Seit dem arabischen Frühling haben sich in allen Ländern Nordafrikas radikale Gruppen etabliert, bestens bewaffnet aus den Arsenalen des libyschen Bürgerkriegs und zu allem entschlossen. Tunesien verhängte zwischenzeitlich sogar den Ausnahmezustand, weil es dem Treiben der islamistischen Radikalen nicht mehr Herr wird. Die Zahl der Fanatiker schätzt man in Tunis auf rund 3000, auch wenn der harte Kern deutlich kleiner ist. Libyen wiederum erwägt nach dem Mordanschlag auf den italienischen Konsul für die Stadt Benghazi eine nächtliche Ausgangssperre sowie weitere "drakonische Maßnahmen zum Schutz der öffentlichen Sicherheit", wie Premier Ali Zeidan ankündigte. Zwar hatten Benghazis Bürger die radikalen Gotteskrieger im vorigen Herbst nach dem Mord an US-Botschafter Christopher Stevens mit einer Großdemonstration aus dem Stadtbild vertrieben. Eine zeitlang waren die Kämpfer abgetaucht. Nun halten sie Benghazi mit einer Anschlagserie auf Polizeioffiziere in Atem.

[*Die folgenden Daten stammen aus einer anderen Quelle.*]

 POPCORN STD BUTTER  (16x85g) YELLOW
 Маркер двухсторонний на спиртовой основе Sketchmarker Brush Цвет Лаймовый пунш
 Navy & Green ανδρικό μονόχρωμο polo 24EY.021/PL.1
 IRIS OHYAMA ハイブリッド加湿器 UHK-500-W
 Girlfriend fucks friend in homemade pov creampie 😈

Grenze ist unkontrollierbar

Vor drei Wochen schloss Libyen alle Grenzübergänge mit Algerien, Niger, dem Tschad und Sudan und erklärte den gesamten Süden des Landes zum militärischen Sperrgebiet. An den Realitäten ändert das wenig, denn die extrem langen Grenzen durch Wüstengebiet sind faktisch unkontrollierbar. Entsprechend üppig blüht der Schmuggel mit Waffen, Menschen und Drogen. Entlang der 1500 Kilometer langen Grenze zwischen Ägypten und Libyen gibt es lediglich 35 Grenzposten, jeder mit einer Handvoll Soldaten besetzt. Die ägyptischen Wächter besitzen nur wenige Jeeps, alle zwei Wochen bekommen sie in ihrer Einöde Essen gebracht. Kein Wunder, dass zuletzt sogar tonnenschwere Raketen aus dem Iran über Sudan und Libyen, quer durch Ägypten den Weg nach Gaza fanden.

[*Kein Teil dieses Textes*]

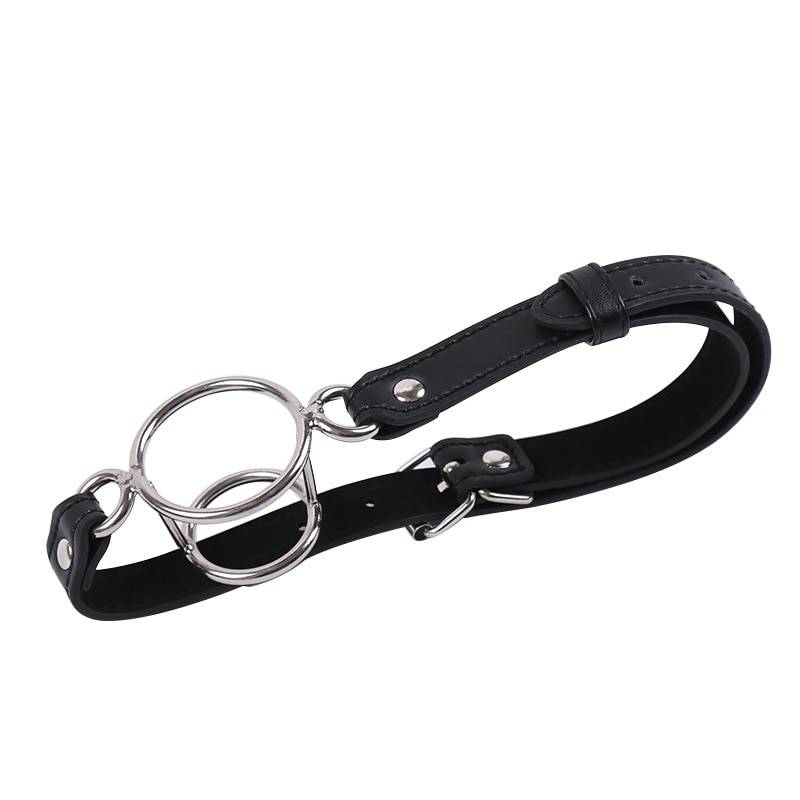 Thierry boca aberta tamanho grande anel duplo gags garganta profunda escravo boca mordida anel gags rolha adulto sexo restrição bdsm jogos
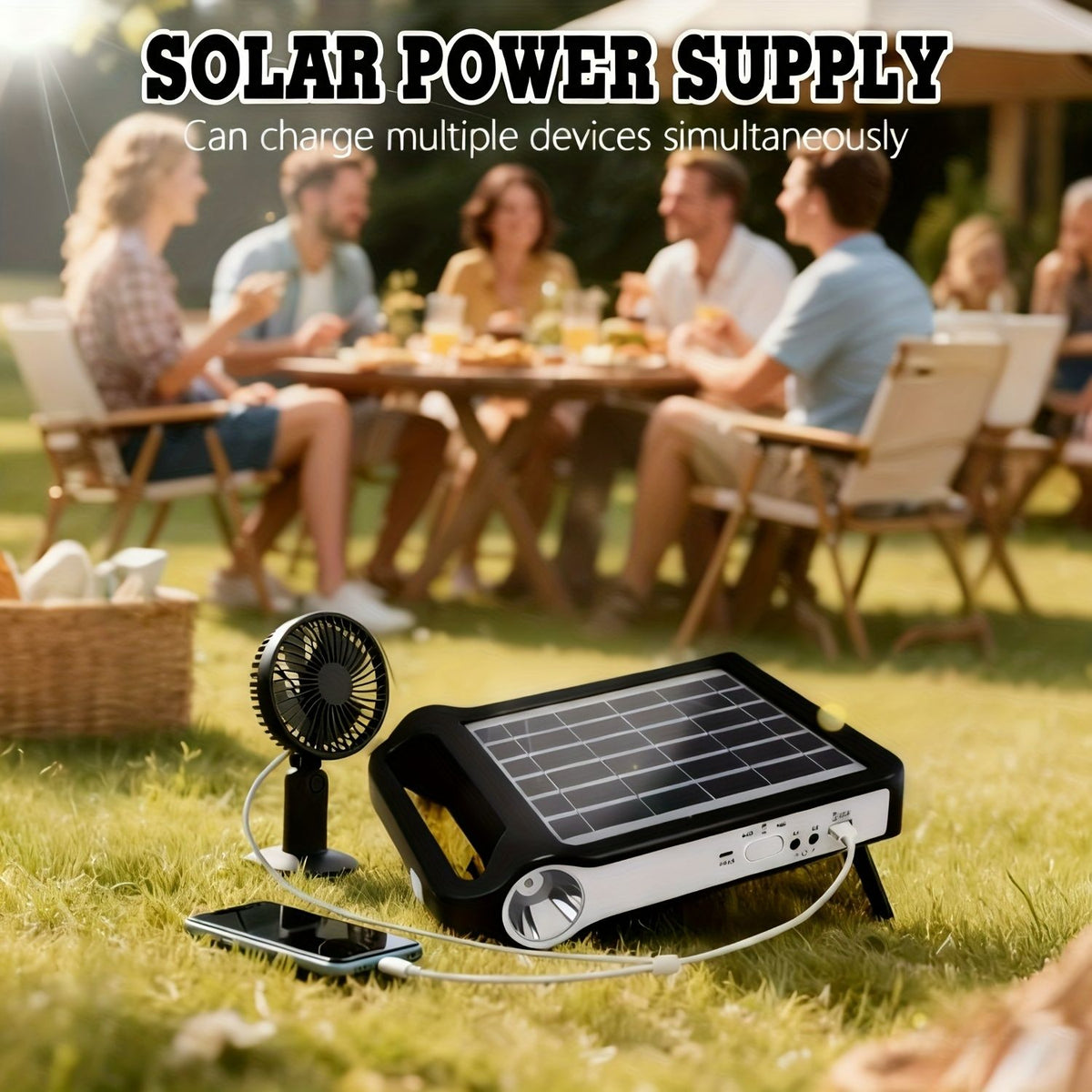 Portable Solar Panel Power Generator Kit with USB Charger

In Algerien, was als einziges Land in Nordafrika keine Massendemonstrationen während des arabischen Frühlings erlebte, operiert seit Jahren "Al Qaida aus dem Islamischen Maghreb", deren Unterschlupfe sich in schwer zugänglichen Gebirgsregionen der Kabylei befinden. Die Zahl der Kämpfer wird auf einige Hundert geschätzt. In den vergangenen zwei Jahren zielten ihre Attentate ausschließlich auf Armeeangehörige oder Polizisten an Straßensperren. Kürzlich spalteten sich zwei Brigaden ab, die in der Südsahara operieren. Anführer der 200 bis 300 Extremisten ist Mokhtar Bel-Mokhtar, der offenbar Kopf der Kidnapper von In Amenas ist. Und wie algerische Gefangene der Website "Maghreb Emergent" berichteten, befinden sich unter den Geiselnehmern auch Araber mit ägyptischem, tunesischem und syrischem Akzent.